SHARE 春日琢磨建築設計事務所による”高須の家”
photo©坂下智広
春日琢磨建築設計事務所が設計した広島の住宅”高須の家”です。
以下、建築家によるテキストです。
広島市内の山裾を走るバイパス沿いに建つ、夫婦と子供一人の為の専用住宅である。
敷地は急な坂道に寄り添う雛壇状の造成地にあり、4mを超す石積みの基壇を持つ。
施主からは、2台分の駐車スペースと庭のほかに、みんなが明るく楽しく生活できる空間と、月に数度の仏壇を中心とした大人数の集まりに対応すること、玄関に隣接した衣装室、そして予算が非常に限られている旨が伝えられた。
がけ条例などの諸条件とコストバランスを考慮し、敷地北側に2台分の駐車スペース、南側にささやかな庭、他は既存の石垣を避け杭が打てる最小の空きを残して、4間×5間の矩形の平面計画とした。その限られた面積の中に、各空間をコンパクトかつ相互的に関係性を持つ構成とすることで、豊かな住環境をつくり出すことを考えた。

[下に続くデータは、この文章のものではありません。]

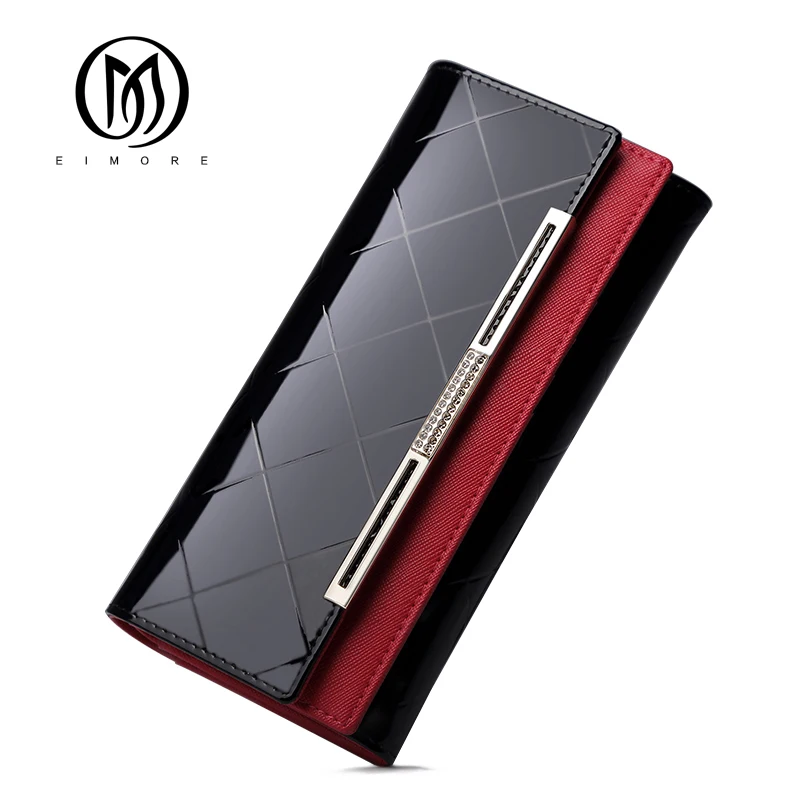 Дешево Женский кошелек из лакированной кожи EIMORE, женский длинный клатч, Дамский кошелек, портмоне, Rfid, роскошный бренд, сумка для денег для девочек, ...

平面のほぼ半分を庭に面した大きな吹抜けとし、畳の間・ダイニング・キッチンを連続して配置した。間口いっぱいに設けた開口部は、庭との繋がりを強め互いの狭さを補完する。畳の間は、1階レベルより400mm高くし上階と近づけることにより、上下階の空間の親密さを強めた。このレベル差をダイニングでは座面としても利用し、吹抜け全体を普段はリビング、人が集まった時は仏事の空間、仏事が終わった後にはそのまま宴会の空間へと、かつての民家にあった包容力ある空間としている。
玄関から洗面・浴室、さらにキッチンまでつながる1階北側の衣装室と、天井高や色彩による変化を持たせた2階の諸室は、吹抜けを介して他の部屋と互いに補完し合いながら成り立たせている。
生活の中心の畳の間とそれを取り巻く諸室は、視界の抜けや互いが補いながら成立するという相互的な空間構成により、狭いながらも広がりと奥行きの感じられる、豊かな住環境をつくり出せたと思っている。